Detention & Guantanamo

D.C. Circuit Affirms Habeas Denial in Al Warafi

By Wells Bennett
Friday, May 24, 2013, 11:12 AM

Judge David Sentelle wrote today's majority opinion in this long-running habeas case, in which Mukhtar Yahia Naji Al Warafi had claimed (among other things) that even if he was a Taliban member, he served the group as a permanent medic only.  This, argued the detainee, brought him within the coverage of Article 24 of the First Geneva Convention---a provision conferring special protections on medical personnel---and exempted him from law of war detention.

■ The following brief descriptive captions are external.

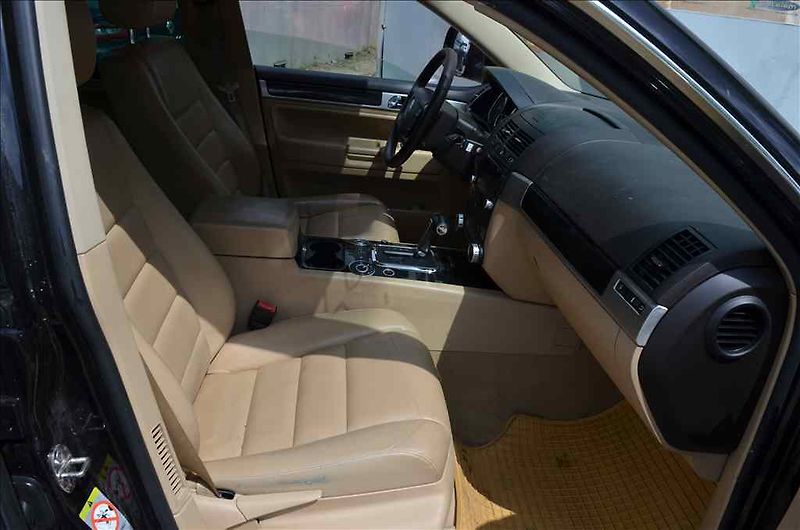Volkswagen Touareg (2008) 3,0 TDI - fotka 27 z 30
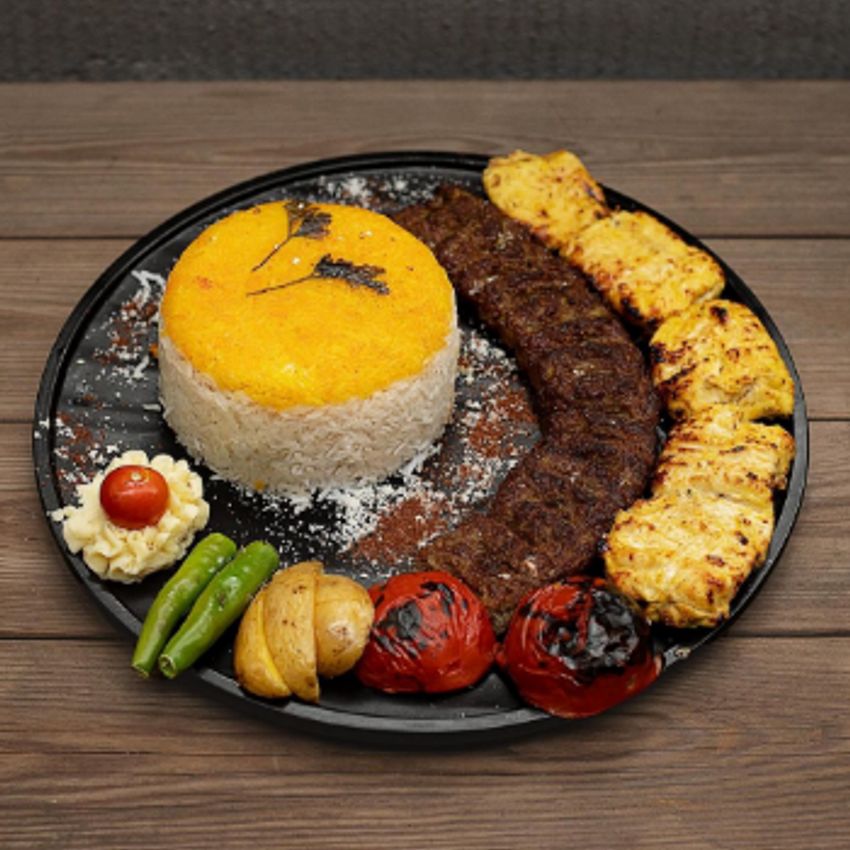 یک سیخ جوجه کباب به همراه کوبیده ،گوجه کبابی ،دورچین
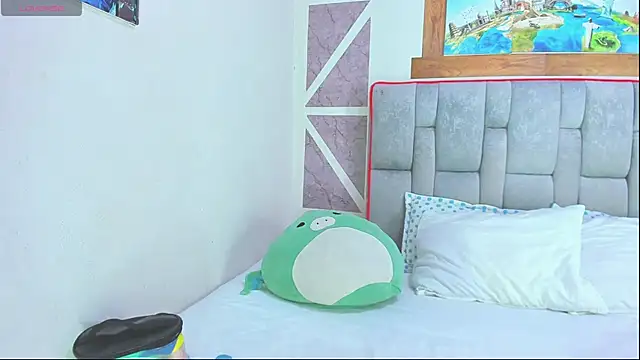 Snapshot of christopher_Hot chatting on February 25, 2026, 5:24 pm christopher Hot online show from February 25, 2026, 5:24 pm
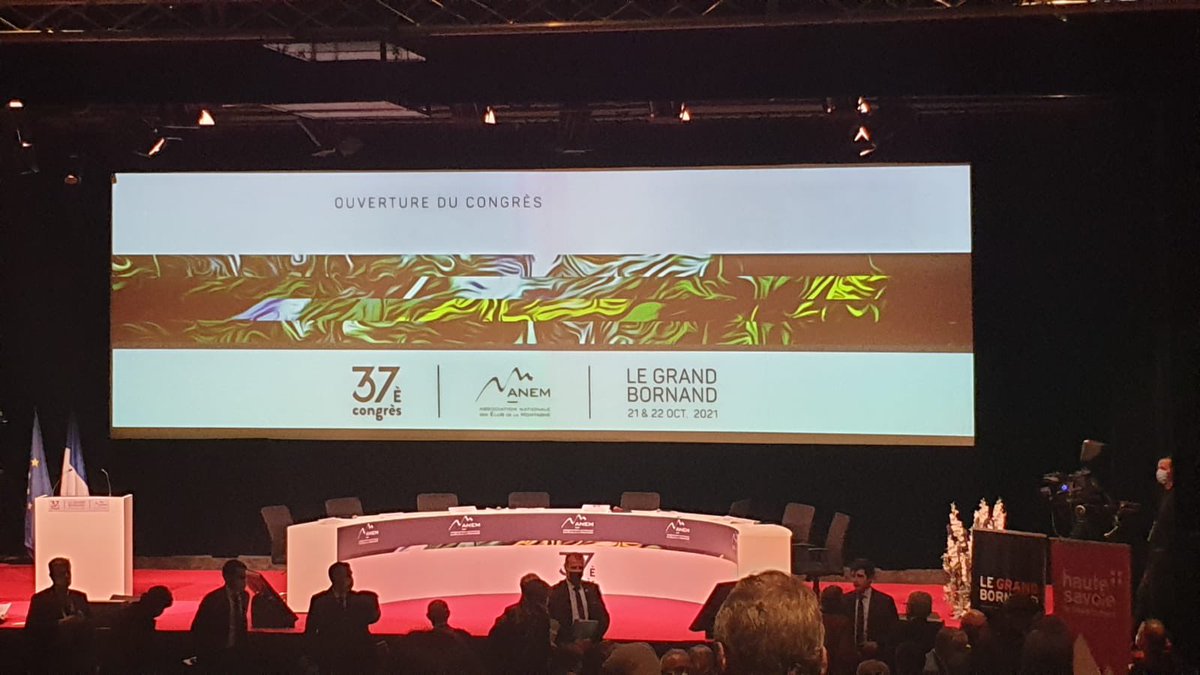 pguelman's tweet photo. 37e Congrès de l'@AnemMontagne
au Grand-Bornand : Accompagner
les territoires de montagne
(mobilité électrique, fibre
optique….) pour contribuer à leur
attractivité et améliorer le
quotidien des habitants, une des
missions de service public
d'@enedis! #TransitionEcologique https://t.co/8vzD6qSn3U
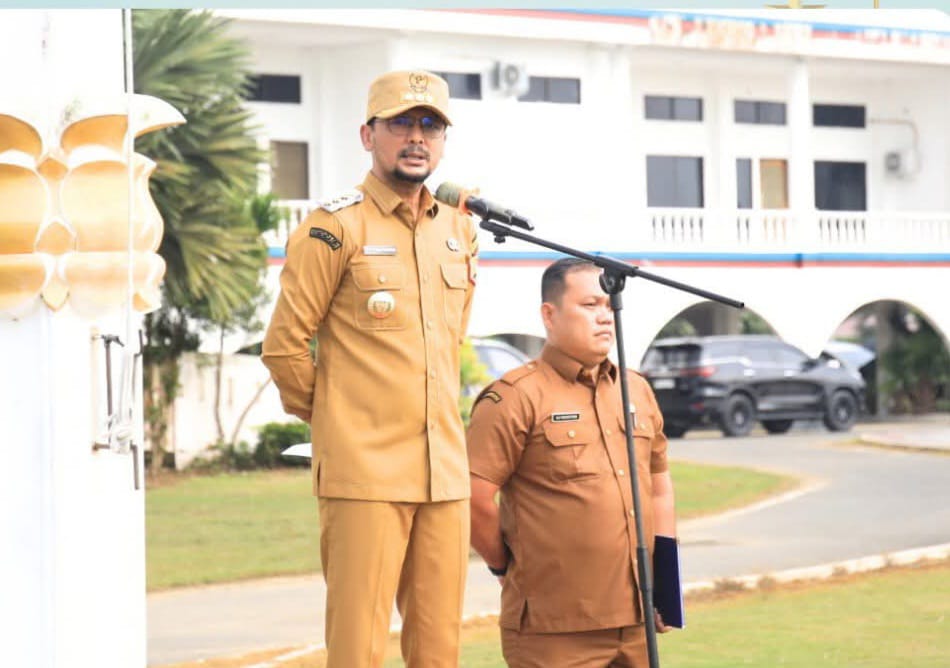 APEL:  Bupati Labuhanbatu Selatan Fery Syahputra Simatupang SH saat memimpin apel di seluruh jajaran Pemkab Labusel, Senin(3/3/2025). ISTIMEWA/SUMUT&nbsp;POS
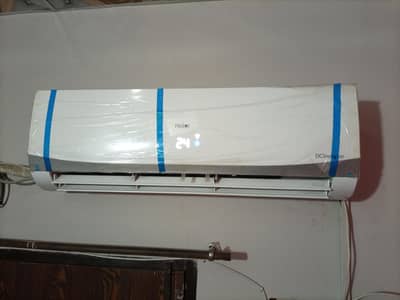 air conditioner 1.5 ton new pin pak with all assries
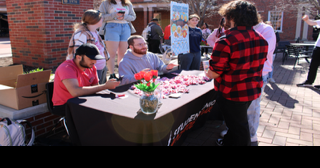 Student organizations share the love on Valentine's Day - Vimarsana News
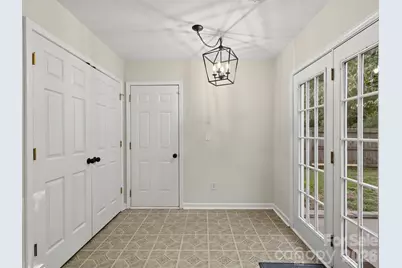 5724 Henderson Oaks Drive, Charlotte, NC 28269 - Photo 11
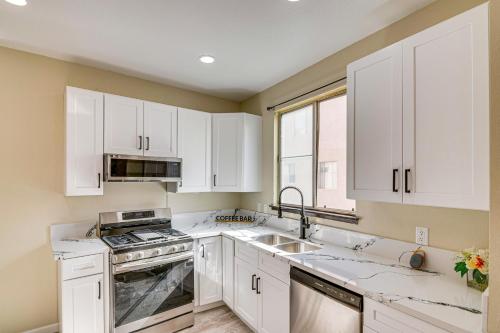 Walk to Olive View Medical Home with Pool Access! in Santa Clarita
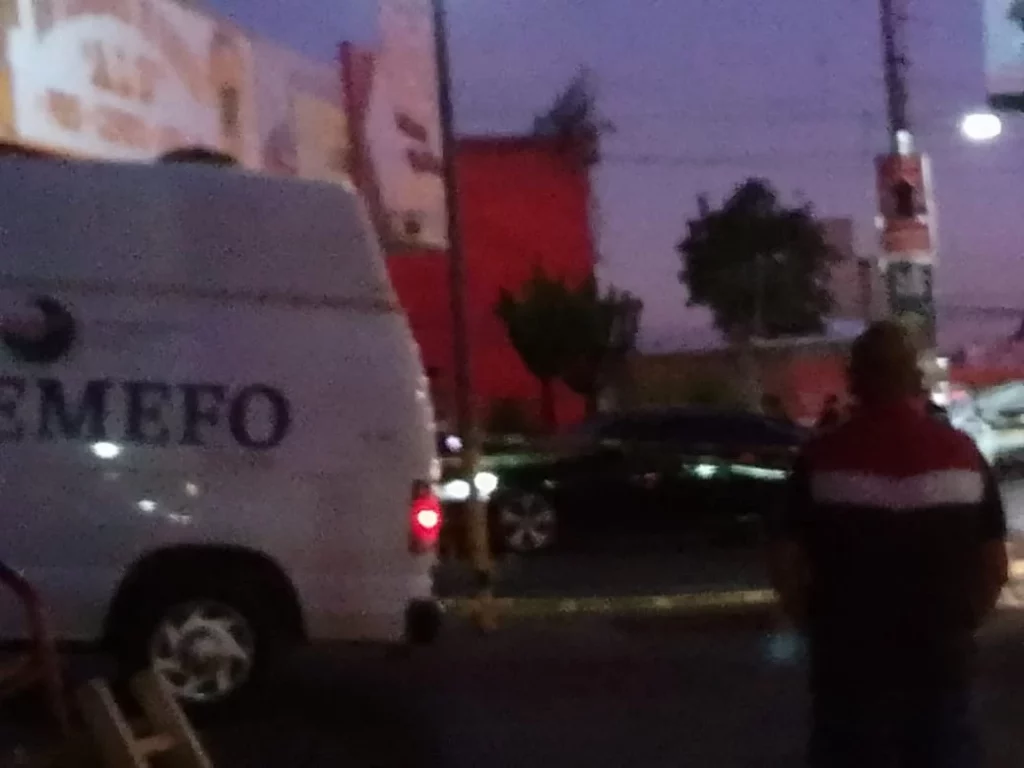 Camioneta de Semefo en escena donde ejecutaron a hombre en Cuautlancingo.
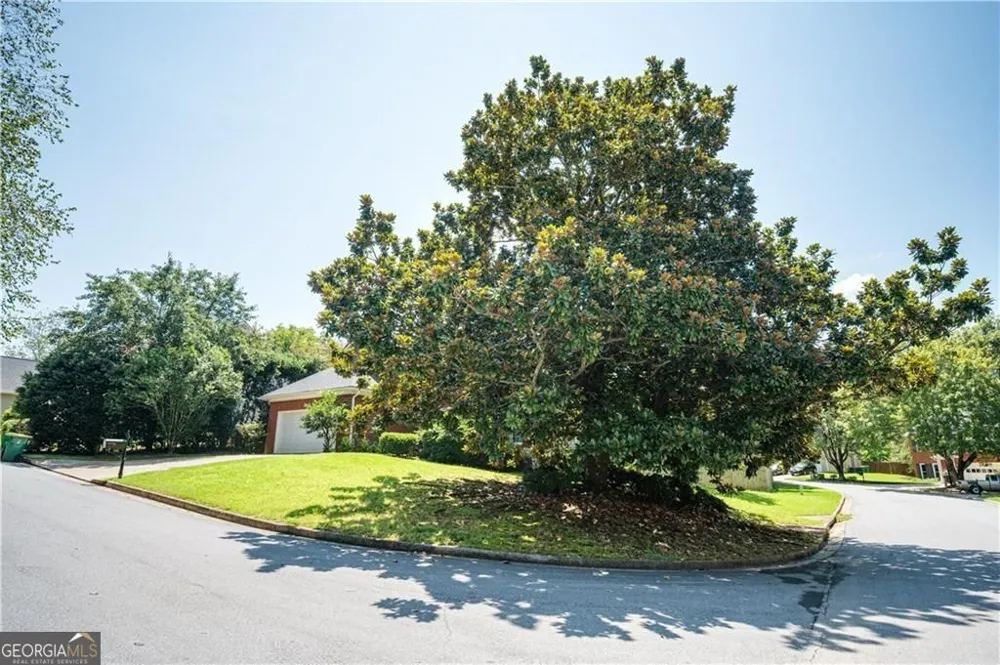 105 Celia CT Alpharetta, GA 30022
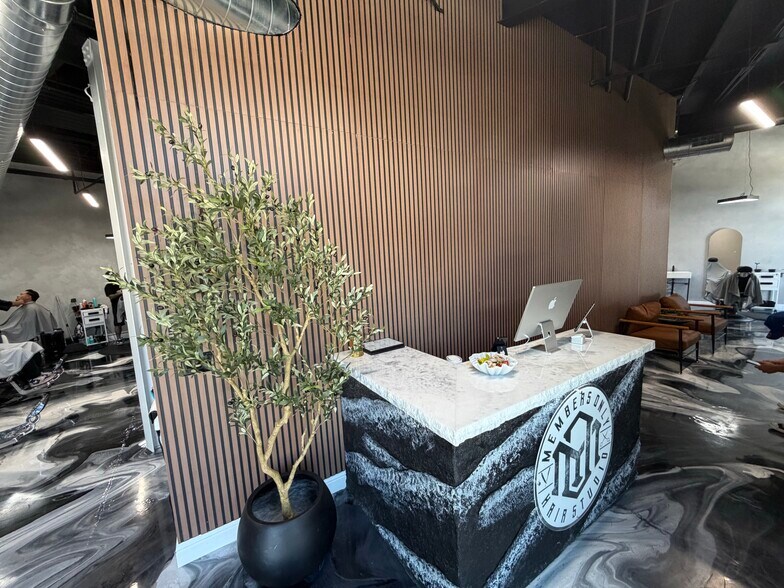 More Photos Of 960 S Virginia St, Reno Storefront Retail Office For Sale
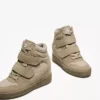 High-Top-Sneaker mit innerem Keilabsatz – Schuhe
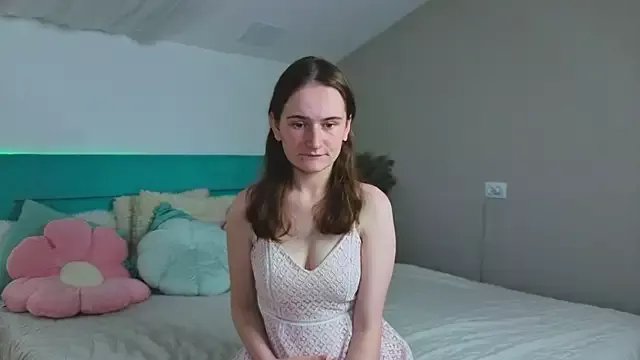 L1ittle_kitty_ on StripChat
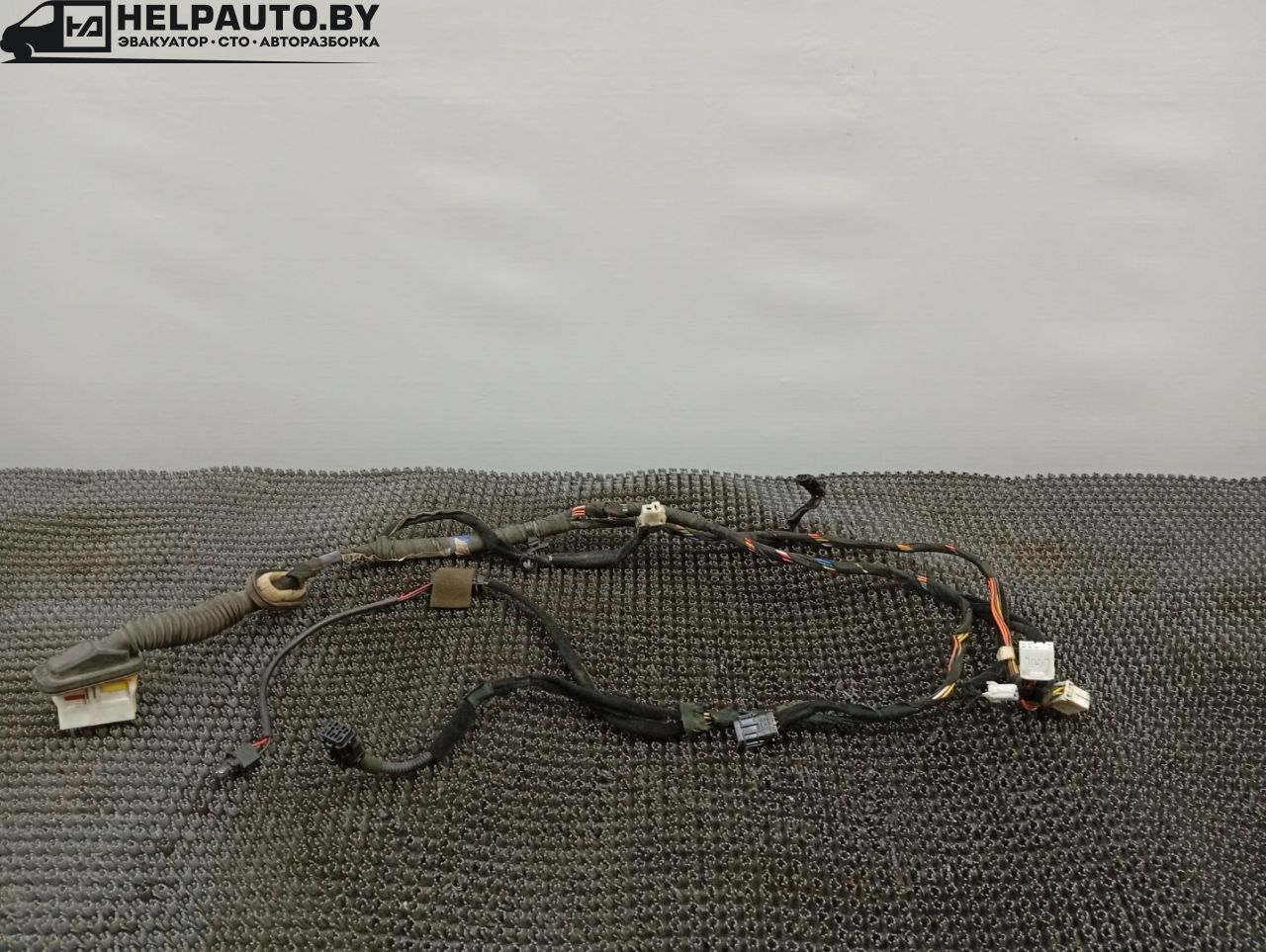 дверная проводка Kia Sorento 1 поколение 2005, 2.4 л., G4JS, бензин, МКПП, красный, внедорожник 5 дв., полный подключаемый привод, 91810-3E030M - фото №1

The gist of the ruling is to affirm the district court's conclusion that, as a matter of fact, Warafi had not demonstrated that he worked as medical personnel under Article 24.  (In an earlier phase of the case, the district court had found that the detainee had twice served as a medic at Talban clinics, and worked at a hospital in Afghanistan.) Specifically, he hadn't carried an official armband and identification card---which the court deemed to be necessary, in order to establish Warafi's protected status as medical personnel.  From Judge Sentelle's opinion:

In the end, the question of whether Al Warafi has met his burden of establishing his status as permanent medical personnel entitled to protection under the First Geneva Convention is one of fact, or at least a mixed question of fact and law. Although the district court believed, and we agree, that military personnel without appropriate display of distinctive emblems can never so establish, it also found facts—e.g., the prior combat deployment—inconsistent with that role. These are findings of fact reviewed by us for clear error. See, e.g., American Soc. for Prevention of Cruelty to Animals v. Feld Entertainment, Inc., 659 F.3d 13, 19 (D.C. Cir. 2011). The evidence in the record gives credence to the view that Al Warafi is unable to provide the proof required under the Convention because he was not a medic.

Judge Janice Rogers Brown wrote a concurrence, regarding the detainee's unsuccessful effort to apply Hamdan v. Rumsfeld's analysis of Common Article 3 to other provisions of the Geneva Conventions.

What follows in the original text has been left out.